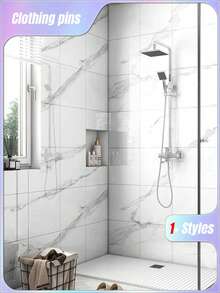 10pcs 0.9㎡ Deep Gray Marble Pattern Tile Sticker Waterproof & Moistureproof Aluminum Plastic Board Self-Adhesive Wall Paper For Wall Renovation And Decoration Valentine DAY, Valentines Wedding, Birthday - White - View 4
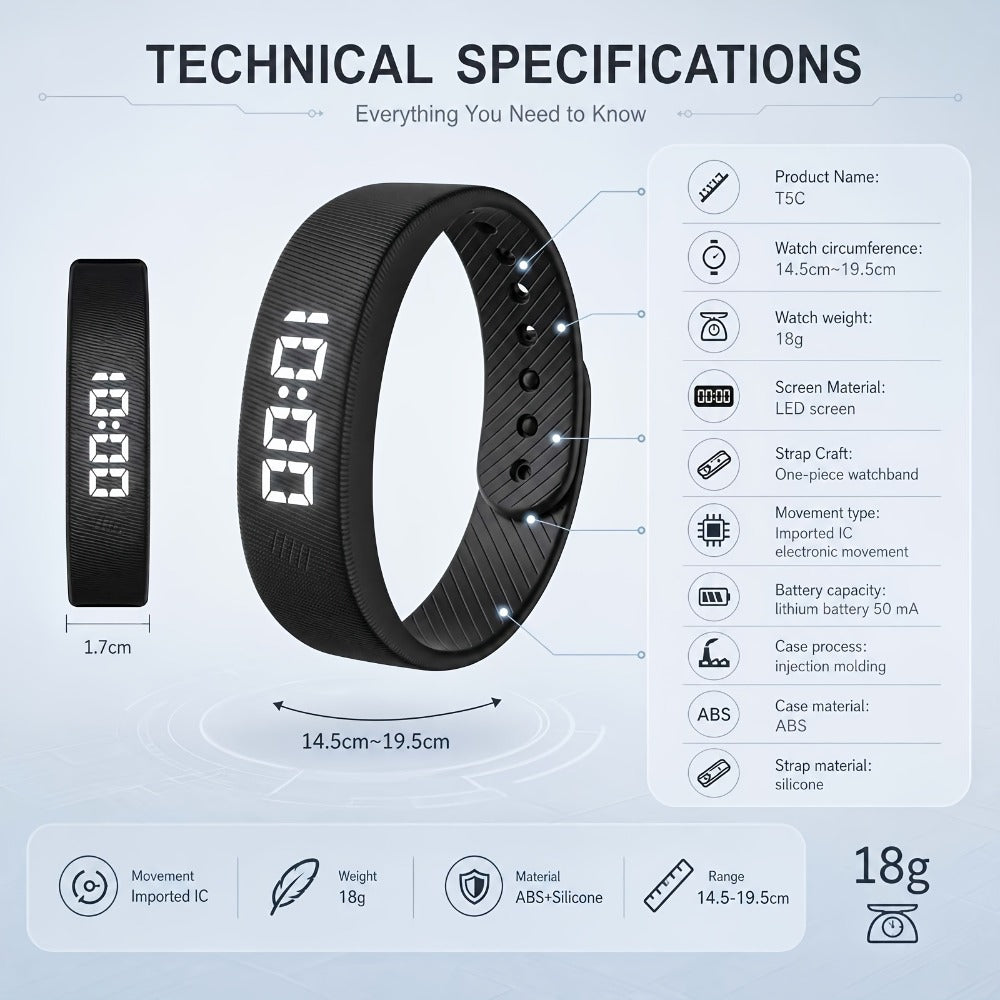 Smart Watch for Men - Sports Bracelet for Women Rechargeable Chronograph Fitness Tracker - product detail view 6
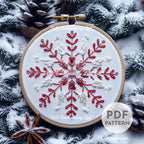Red and White Snowflake Hand Embroidery Pattern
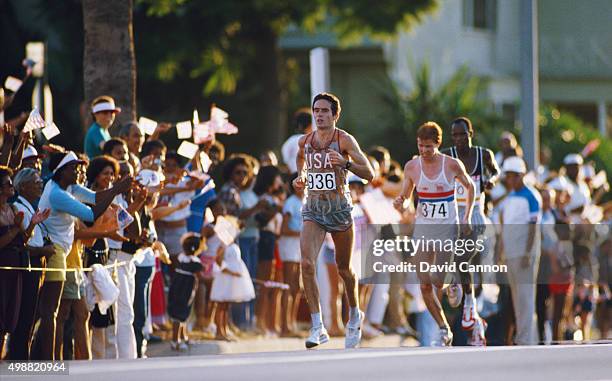 Alberto Salazar of the United States leads Hugh Jones of Great Britain in the Mens Marathon event on 12th August 1984 during the XXIII Olympic Summer...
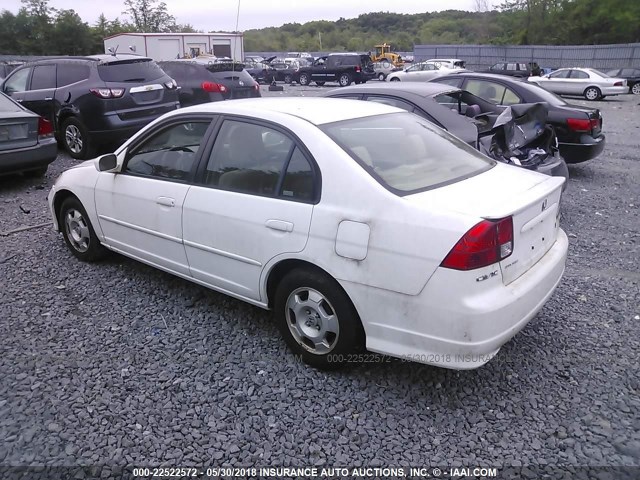 JHMES96675S014049 - 2005 HONDA CIVIC HYBRID WHITE photo 3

### Work task
Reproduce the material above exactly, first line through the line that contains "Alberto Salazar of", minus the pictures.

### Output for this task
 10pcs 0.9㎡ Deep Gray Marble Pattern Tile Sticker Waterproof & Moistureproof Aluminum Plastic Board Self-Adhesive Wall Paper For Wall Renovation And Decoration Valentine DAY, Valentines Wedding, Birthday - White - View 4
 Smart Watch for Men - Sports Bracelet for Women Rechargeable Chronograph Fitness Tracker - product detail view 6
Red and White Snowflake Hand Embroidery Pattern
 Alberto Salazar of the United States leads Hugh Jones of Great Britain in the Mens Marathon event on 12th August 1984 during the XXIII Olympic Summer...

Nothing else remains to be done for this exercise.